LT. COLONEL RICHARD H. BERG
"What mission? I haven't heard from HQ."
"Sir, your unit is supposed to escort us into Hall 9."
"Well, we'll see what we can do about that. But stay out of my way."
Berg walks to a group of gamers quietly playing Gipf and starts tossing
playing cards at them:
"What we have here... 1 Unit Center, 2 Units Left Flank,
3 Units Right Flank, Artillery Bombard, Direct From HQ. Isn't one
worth a Center Assault in the whole bunch..."
"Hey Phirax, what's that?"
"Command cards. Let Charlie know who did this."
Abstract gamers are being rounded up and evacuated:
"We are here to extend a welcome hand for those of you who wish to return
to arms of thematic wargaming... This area is controlled by dry, boring
Berg walks to a dazed gamer holding a damaged copy of Zertz:
"Hey what's this? What is this?"
"This game is pretty badly damaged, sir. About the only thing that
is holding the pieces in the box, sir, is that rubber band."
"What you gotta say?"
YOUNG AMERITRASH GAMER
"This man is a dirty abstracter. He wants plastic baggies? He can use magic tape!
"Get out of here! Gimme those plastic baggies. Get outta here or I kick
your fucking ass! Any man brave enough to defend his game in this hell-
hole can use my baggies any day."
"Hey colonel, I think one of those press-guys is Bowen Simmons, the block gamer."
"Are you sure?"
Berg walks to Simmons, completely forgetting the Zertz guy:
"What's your name son?"
"Aspiring Designer, 3rd class, B. Simmons, sir."
(rolling his eyes)
"Aspiring Designer, 3rd class..."
"Bowen Simmons the block gamer?"
"It's an honor to meet you Bowen. I've admired your block games for
years. I like your tactical maps too. I think you have the best tactical
maps there is."
"Thank you, sir."
"You can cut out that sir crap, I'm Richard Berg.

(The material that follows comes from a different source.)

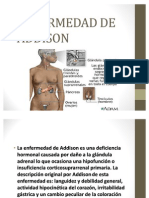 Enfermedad de Addison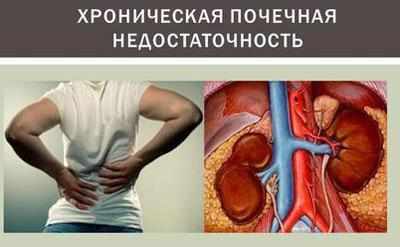 Почечная недостаточность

"Wow, It's an honor to meet a real game design legend."
"Your games have been a real inspiration to us young designers."
"Don't mention it. I just try to do my part"
"I'm allergic to dice."
"As you might imagine, sir, my favorite is C&C: Ancients."
"No, ha! That game system was designed by Richard Borg."
(There is a moment of uncomfortable silence.)
"I'm Richard Berg. You know, Successors, SPQR..."
"Pax Romana, Blackbeard, Conquistador?"
"I think I've heard of Conquistador."
"Sure you have. Each player represents a European power during the Age of
Discovery seeking riches in the New World."
"Of course! We love that game."
"The English name confused us. We call it Magister Navis."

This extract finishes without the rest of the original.